Bebot is a Gitlab webhook handler that publishes messages to Matrix when interesting things happen in your configured repos.

Currently-supported Gitlab event types:

  • Push events
  • Tag push events
  • Issue events
  • Merge request events
  • Pipeline events (only publishes on failure for now)

Building

Bebot is written in Rust, and requires a Rust toolchain in order to build. The usual cargo build or cargo build --release will do the trick.

You can also build and install the latest released version of Bebot by running cargo install bebot.

Setup

Bebot requires a configuration file in YAML format. See sample-config.yaml for all existing configuration options, as well as documentation on what each option does.

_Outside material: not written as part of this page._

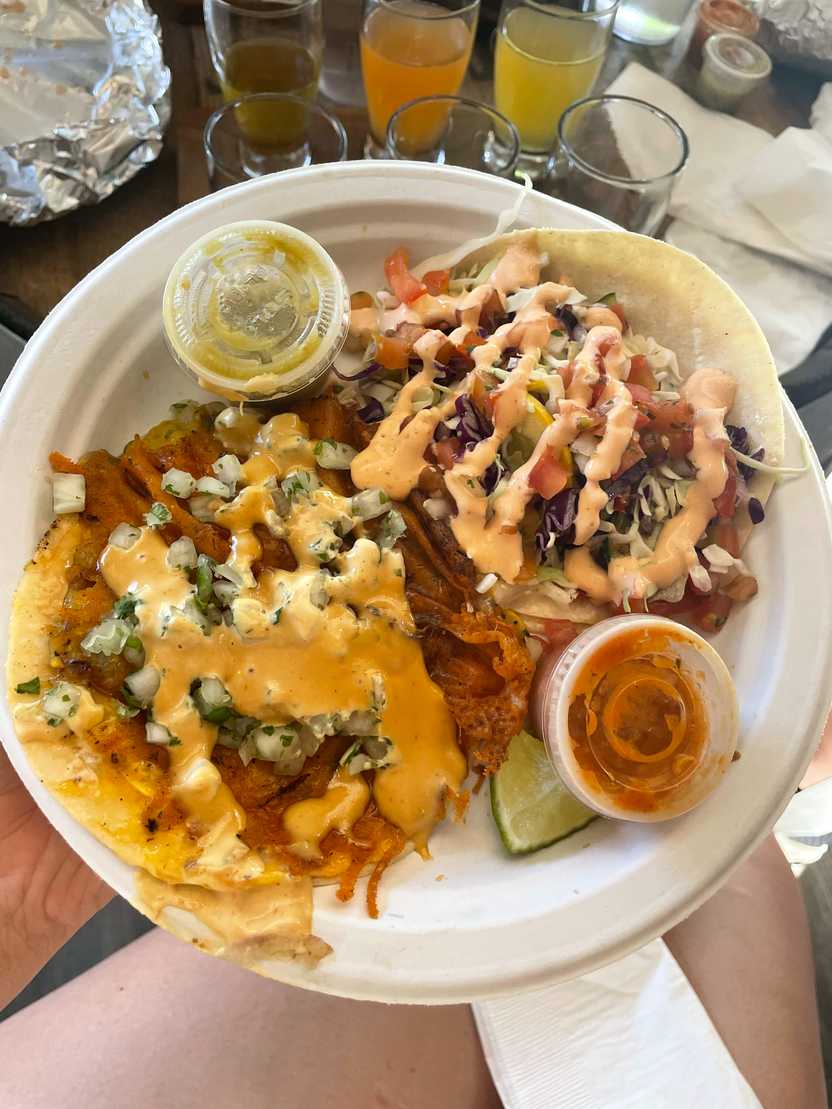 A plate of two tacos from Calle 75 Street Tacos in Boise.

When setting up the webhook in Gitlab, use the same token from the configuration file in the webhook's "Secret token" field. You should only select "Push events", "Tag push events", "Issues events", "Merge request events", and "Pipeline events". You can leave some of these out if you don't want Bebot to publish messages for everything.

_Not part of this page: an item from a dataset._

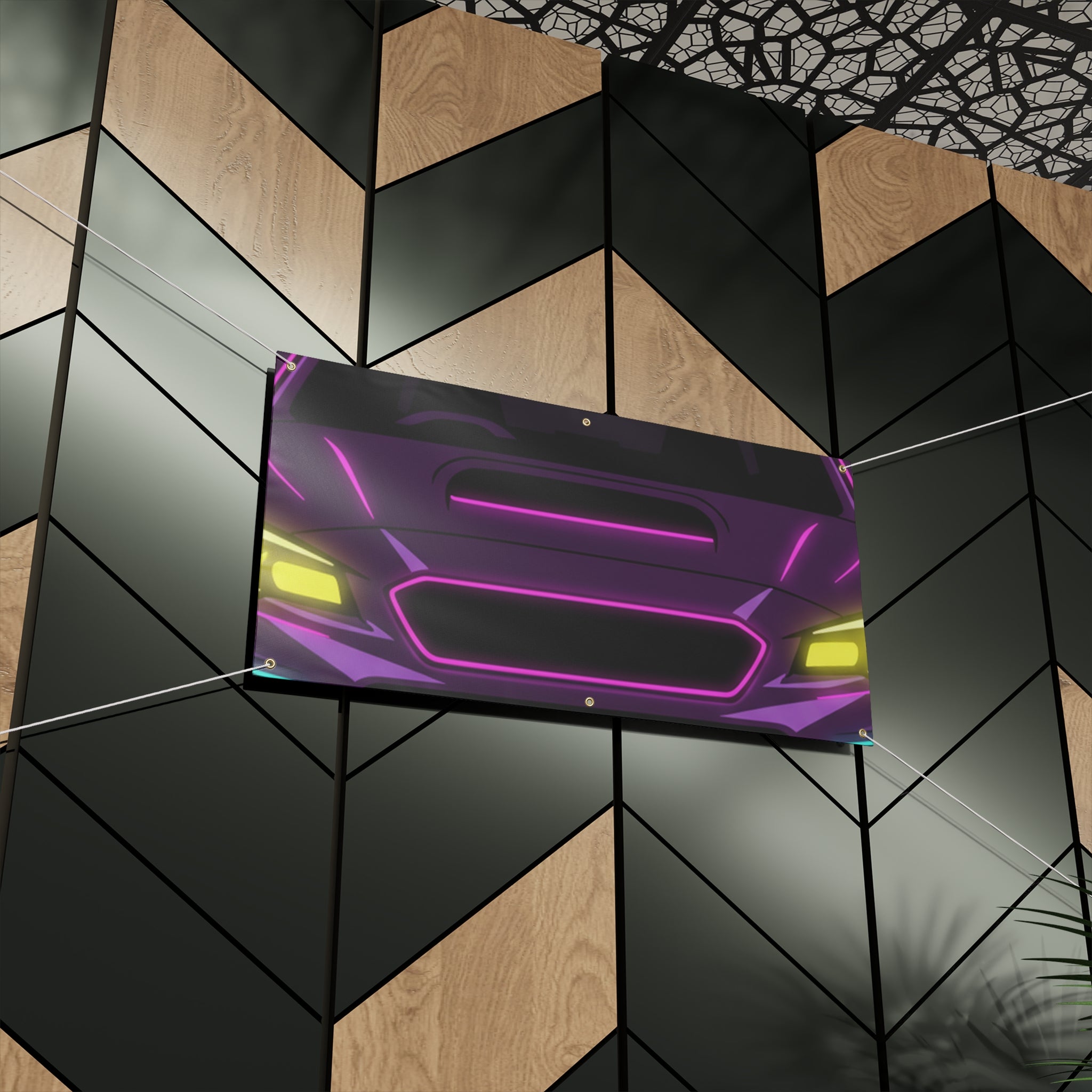 Subaru WRX STI Neon Synthwave Banner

Bebot does not support serving the webhook over TLS, so you will probably want to put it behind a reverse-proxy such as nginx.

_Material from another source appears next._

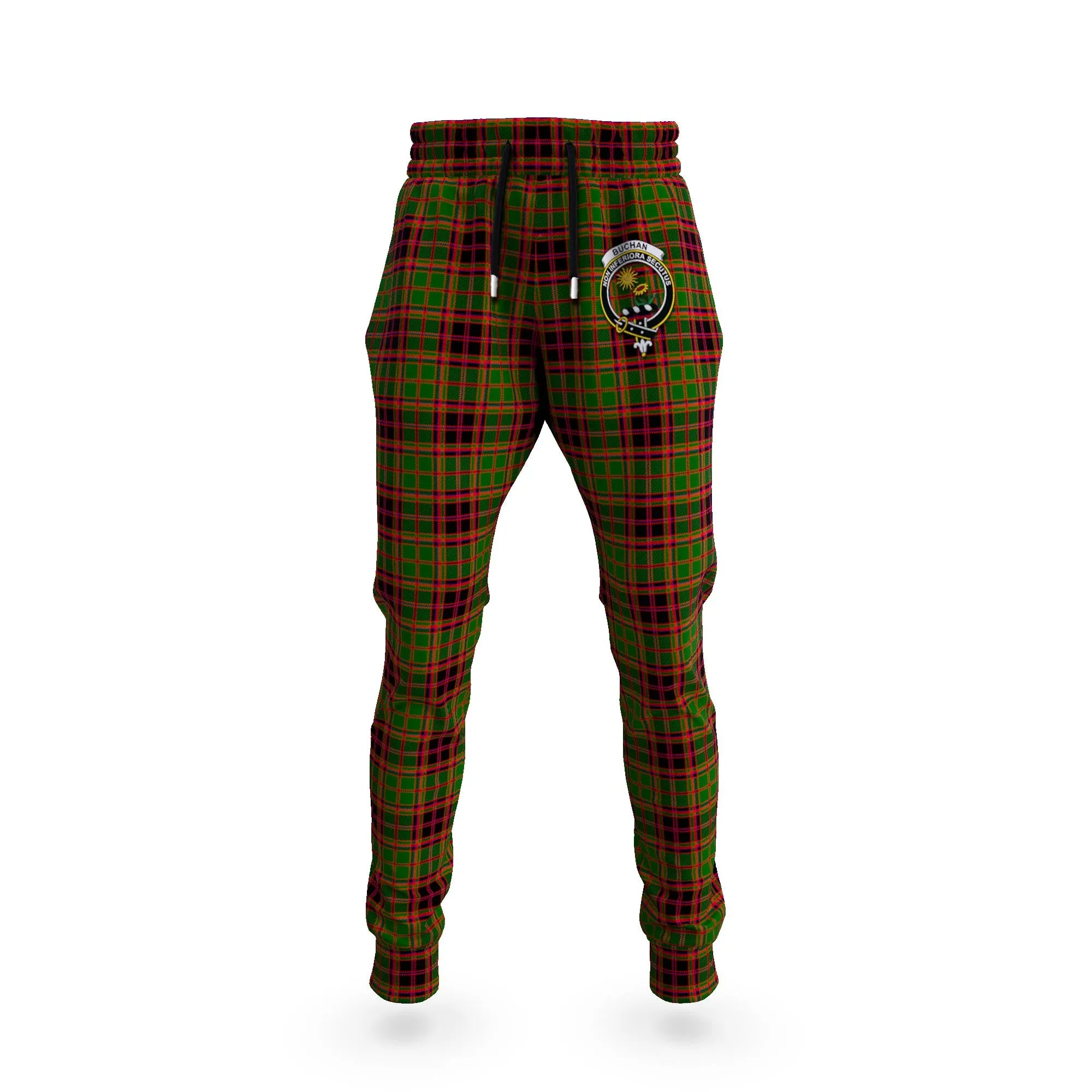 Buchan Tartan Joggers Pants with Family Crest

In the scripts directory is a set-webhook.py script that can set up (or update) webhooks for your repository, automatically generating a token for you. If setting up the webhook for the first time, it will output to stdout a YAML snippet that goes under the repo_configs section of the configuration file. If you run the script with no arguments, it will print out usage details.

Running

After you've done all that, simply run Bebot:

bebot /path/to/config-file.yaml

You can set the BEBOT_LOG environment variable to increase or decrease logging verbosity. (Try debug, info, warn error, or off.)

Docker

A Dockerfile is also provided. When running the container it builds, mount the configuration file so it appears inside the container as /bebot/config/bebot.yaml.

Release images are published to Docker Hub.